:: EXERCISE AIM ::
Below are the entries. Print only the lines starting at the one with "Bisque Kashan 5'" and ending at the one with "- Formats Available", exactly, with no pictures.

:: AVAILABLE RECORDS ::

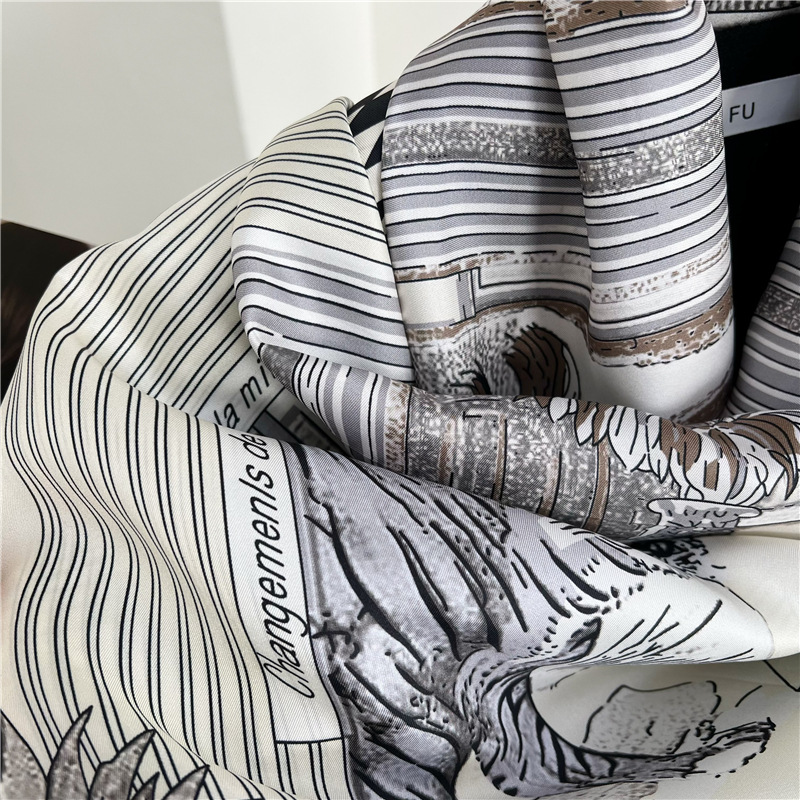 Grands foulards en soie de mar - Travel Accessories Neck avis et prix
---
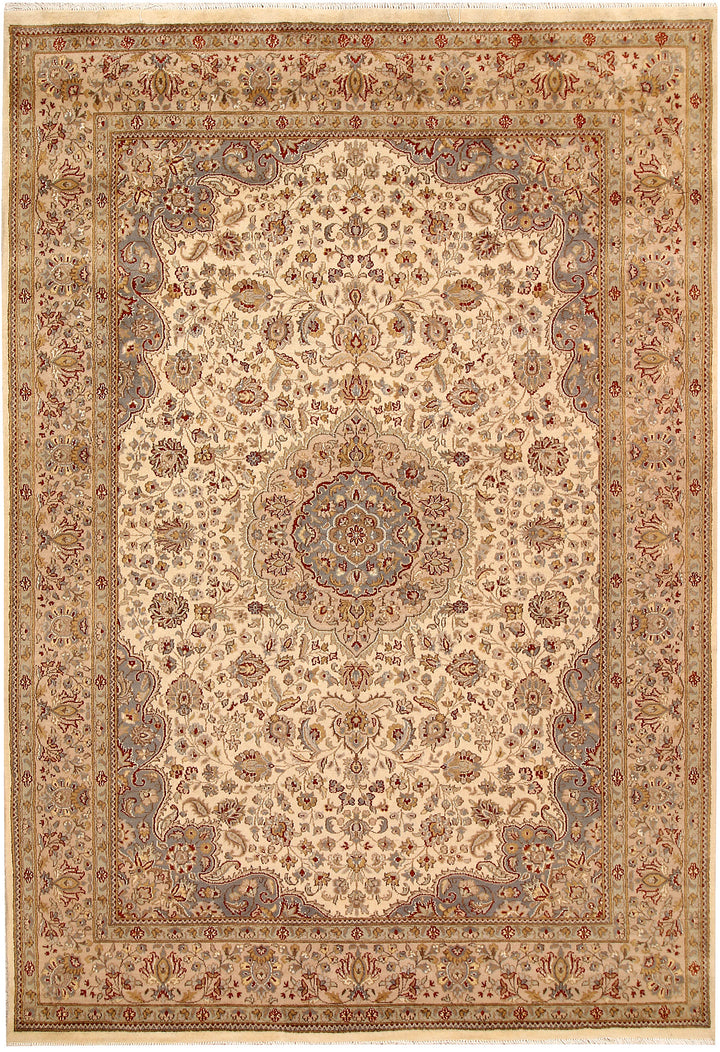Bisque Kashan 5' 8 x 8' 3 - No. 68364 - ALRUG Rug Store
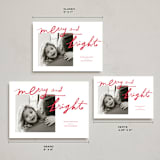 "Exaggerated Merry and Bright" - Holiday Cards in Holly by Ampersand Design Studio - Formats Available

:: TASK ANSWER ::
Bisque Kashan 5' 8 x 8' 3 - No. 68364 - ALRUG Rug Store
 "Exaggerated Merry and Bright" - Holiday Cards in Holly by Ampersand Design Studio - Formats Available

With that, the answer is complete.